E assim voltamos a nós
-que é o caminho mais difícil
de encontrar-
e que não está provado, também,
que conduza ao exito,
mesmo que procedêssemos
de um modo diverso.
Mas, não há outro,
e sendo muito pouco
é tudo o que temos.
Porque não
-antes de fazermos qualquer coisa-
começar por nos interrogarmos:
porque pensamos como pensamos?
Talvez assim,
uma espécie de luz
nos começasse a iluminar,
como se o sol nascesse
dentro de nós
e a alma se banhasse nela
como se fosse o mar todo
da sua infância,
não encontrando razão nenhuma
para obrigar um anjo
a descer à terra
e arrastar as asas com ela
para irem beber um copo
de amargos pensamentos
na taberna mais próxima
do desencanto.






As águas da tua sensibilidade são incrivelmente límpidas, de uma transparência que até fere. Convidam a mergulhar. A mergulhar em nós próprios, diga-se. De tal modo a "verdade" do teu fundo nos parece próximo. Mas, como em todas as águas cristalinas, facilmente nos enganamos na profundidade. E voltamos à tona sem fôlego e respostas para te dar, minha querida poetisa. Contentêmo-nos em nelas nos banharmos, felizes por existirem.
Beijo doce.

Eraldo Paulino disse...

Meu eu interesseiro diz: portanto que você continue escrevendo coisas lindas assim, pode continuar sem alma.

Meu eu amigo do batom diz: portanto que você continue escrevendo coisas lindas assim, tenho certeza que sua alma não estará tão longe assim...

Bjs!

Anônimo disse...

Ei menina!

Por vezes também sinto esse descolamento, essa ausência de essência em tudo a nossa volta.

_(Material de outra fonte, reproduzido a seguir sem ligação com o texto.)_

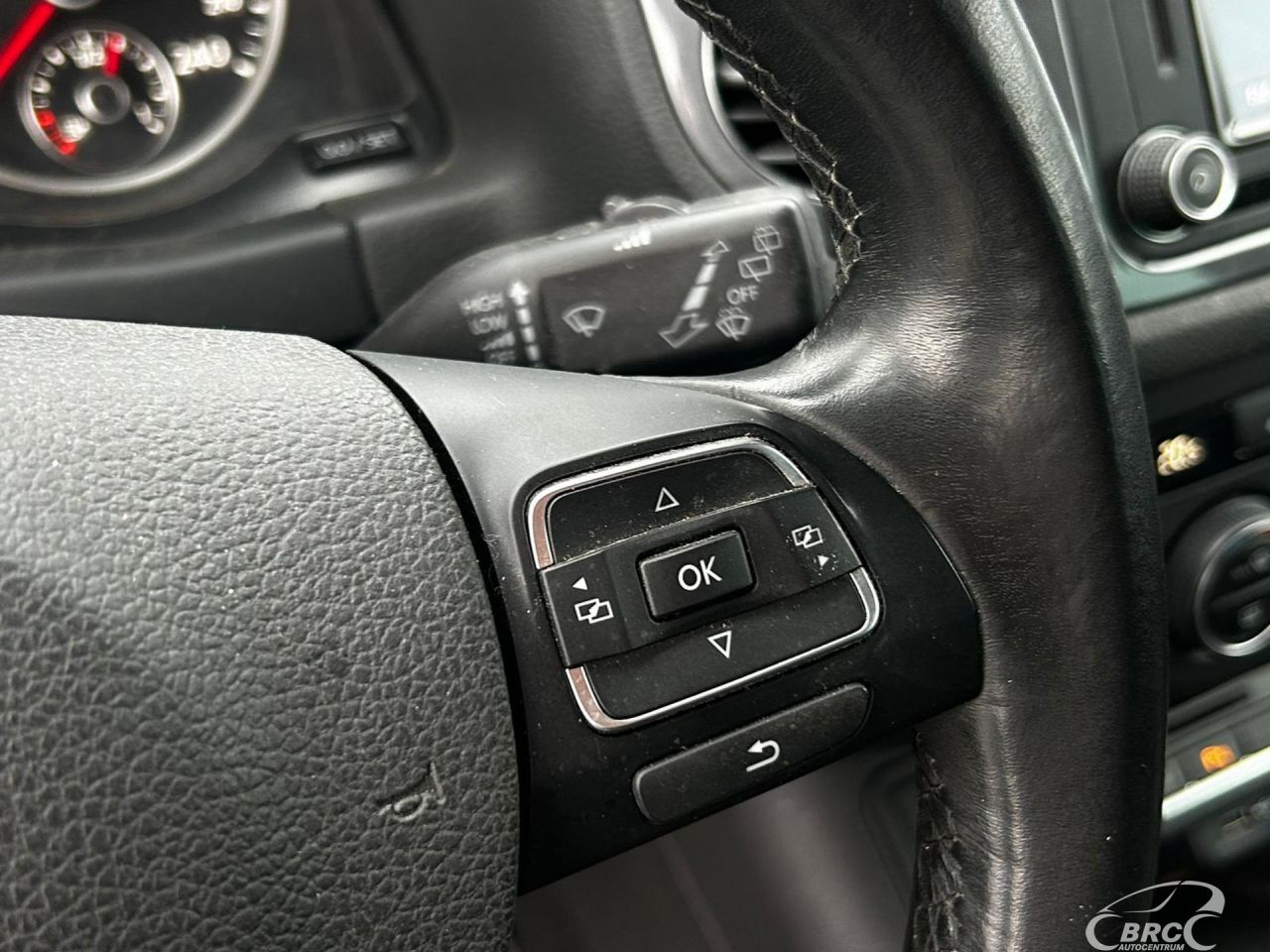 Volkswagen Tiguan | 14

Tudo é raso, insosso e cinza...

Mas olha:
o batom está guardado na gaveta!

É preciso tingir a vida de cores e formas, ainda que os primeiros desenhos não passem de garatujas!

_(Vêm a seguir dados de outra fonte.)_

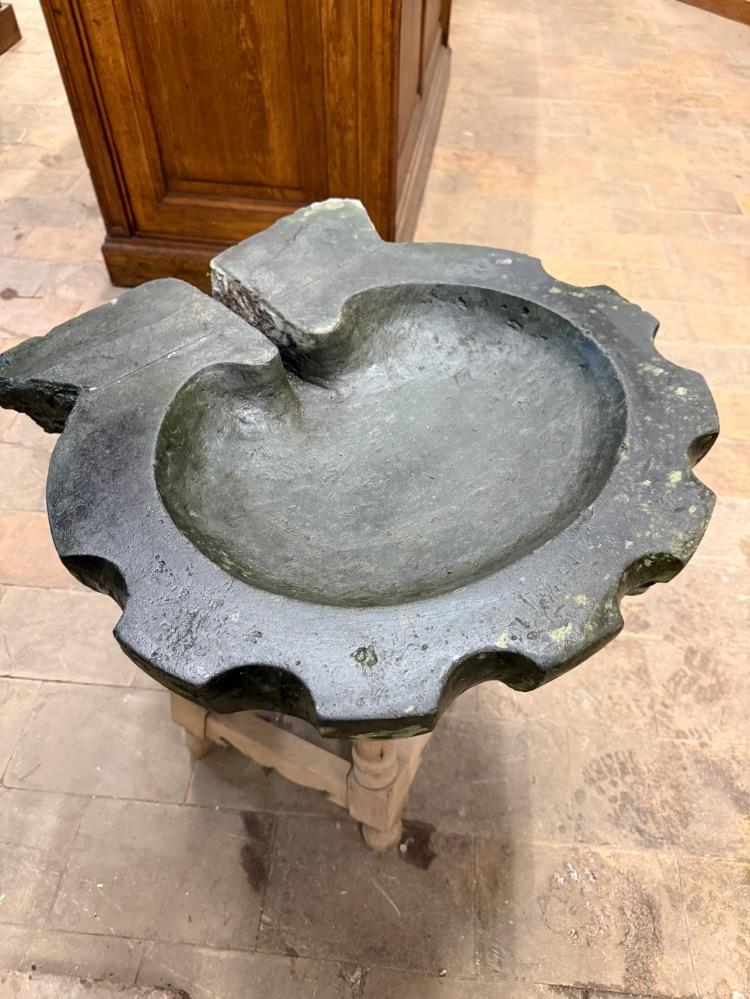 FOUNTAIN BASIN, 18TH CENTURY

E eu já tive provas suficientes pelas suas letras de que a sua alma lateja forte aí dentro e nem precisa de armadilhas para retornar. Faça um convite a ela e se permita...

Tô contigo!
Beijos...

(Você viu minha capacidade de diferenciar o eu lírico da própria autora né? rs... deixa baixo)

Léo Santos disse...

Muito bonito isso, guria! Pena eu não poder te ajudar muito, pois, também ando pelos cantos procurando a minha alma doidivanas!

Um abraço!

Juan Moravagine Carneiro disse...

Este estranhamento também me rodeia...

Ele acaba por me alimentar, para o bem ou para o mal...

abraço e agradecido pela visita ao Rembrandt

Rodrigo Braga disse...

A alma por vezes me parece algo completamente alheia ao corpo. Normal que por vezes ela dê suas voltinhas, mas que jamais esqueça sua morada.

Bjo!

Cris de Souza disse...

Maravilha deparar com tua poesia!

Deu vontade de renascer...
(Acaso eu encontre a minha, supeito que dê meia-volta)

Anônimo disse...

Nossa....para que fui eu quem ditei essas palavras...Não por estarem tão bem escritas...mas por descrever tão bem e intimamente como me sinto.